The National Day of Prayer was observed by churches, some students at high schools, and even by religious groups gathering at City Hall. "This is happening all over the country," says Bill Cole, the pastor at Circles of Love Bible Church, who helped organize the city hall gathering. "We're all coming together, sharing a unified spirit."
But another conversation is brewing about whether there should be a national day for prayer at all.
"The problem with the National Day of Prayer is the word national. 'Our nation's'. It's not," says John Patrick Michael Murphy, a life member of the Freedom From Religion Foundation. "They're not getting me to pray today or yesterday or tomorrow. And I'm a tax payer with the same rights as they have."
The Freedom from Religion Foundation placed billboards throughout Colorado Springs calling for a clear separation of church and state. They particularly targeted the Springs because Focus on the Family has a task force dedicated to enforcing the day.

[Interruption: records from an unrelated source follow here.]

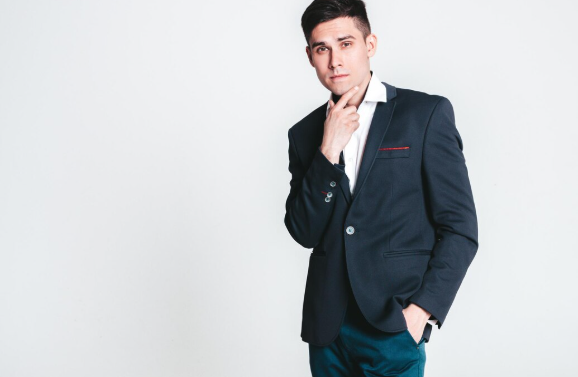 Butik Blazer Kantor & Jas Formal Profesional di Banyuwangi Jawa Timur: Pilihan Celana Kantor Murah, Jasket Perusahaan, dan Rompi Event Eksklusif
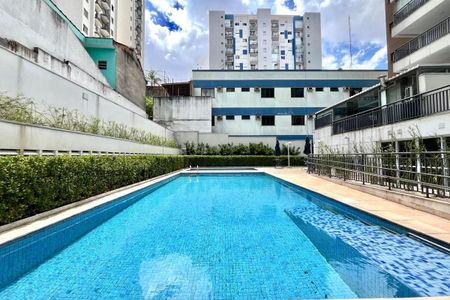 Apartamento à venda com 65m², 2 quartos e 1 vaga Apartamento à venda com 65m², 2 quartos e 1 vagaÁrea comum - Piscina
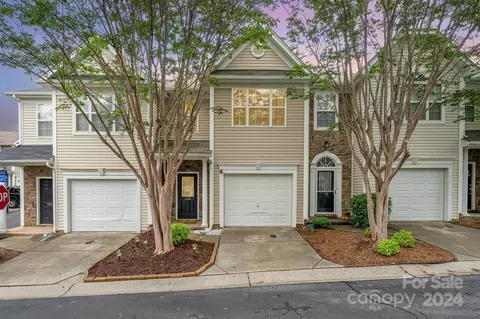 1308 Smokey Quartz Ln, Fort Mill, SC 29708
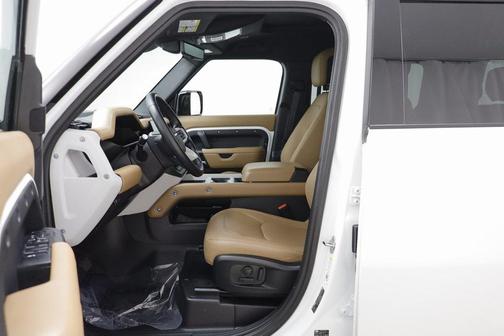 2025 Land Rover Defender 110 P400 X-Dynamic SE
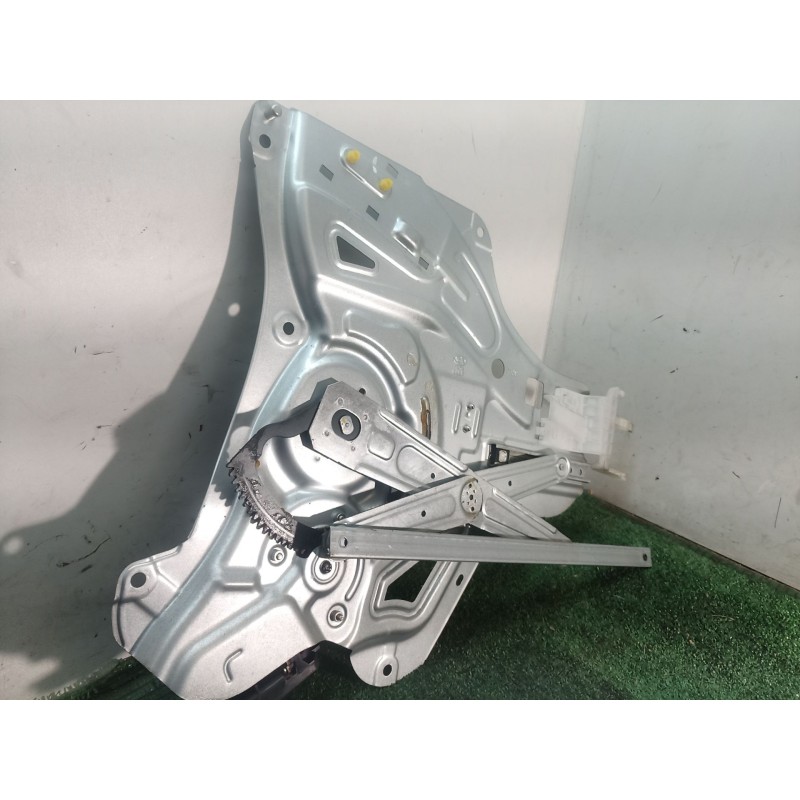 Recambio de maneta elevalunas delantera izquierda para hyundai ix35 (lm, el, elh) 1.6 referencia OEM IAM 82470v2y010 82470v2y010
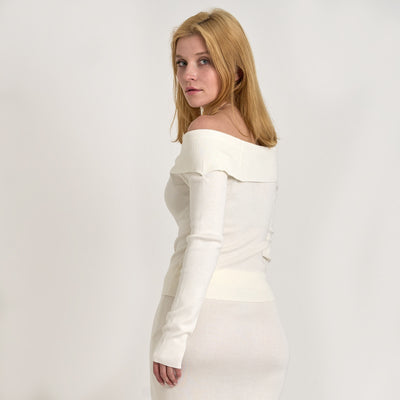 Martina offshoulderThumbnail 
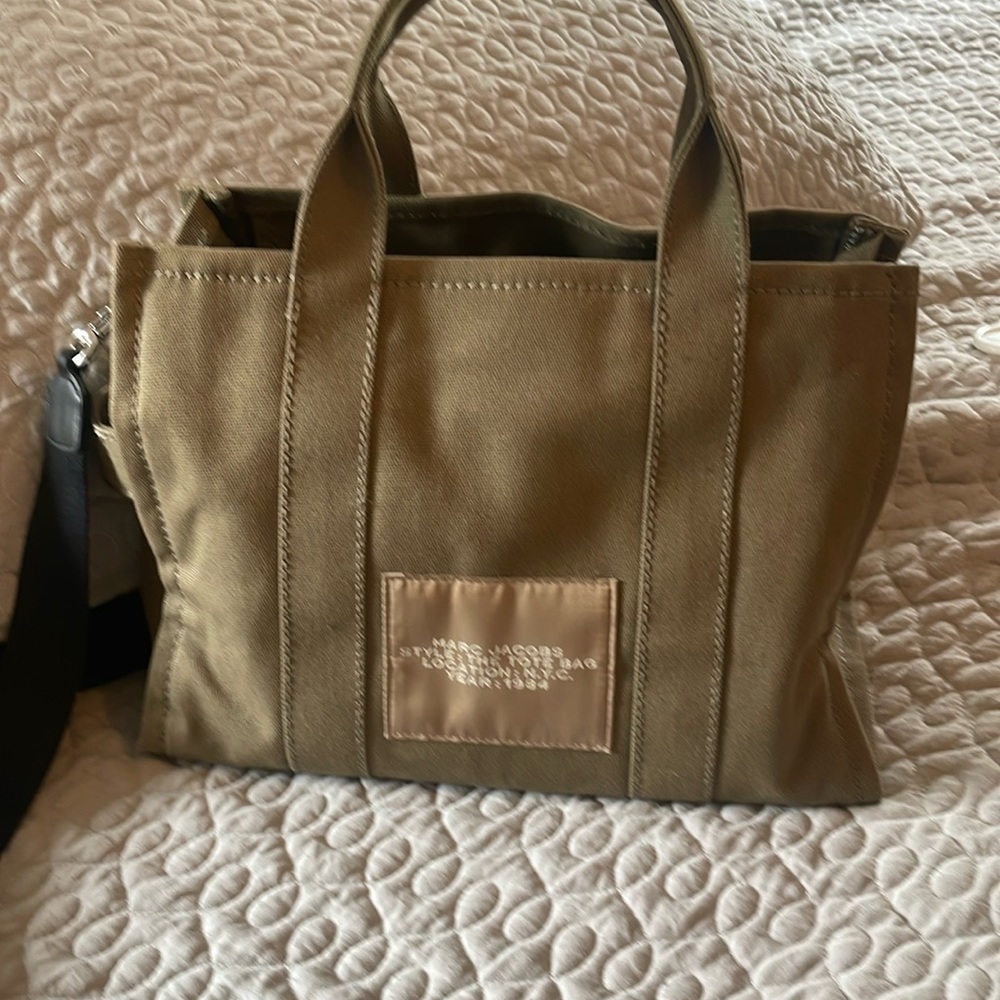 Marc Jacobs shoulder bag.. used about 3 times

"It's our mission to communicate with every individual the need for personal repentance and prayer," says Michael Calhoun of the National Day of Prayer Task Force. "Mobilizing the Christian community to intercede for America and its leadership, in the areas of military, media, education, church and family."
Murphy says he's not against a group's right to pray on a specific day, he just opposes his tax dollars being used for something he doesn't believe in. "They're doing it on our ground, on our time, on our dollar, and that's despicable."
An April 15th ruling by a district judge in Wisconsin calls the day unconstitutional. The suit was filed by the Freedom From Religion Foundation, and the ruling is being appealed.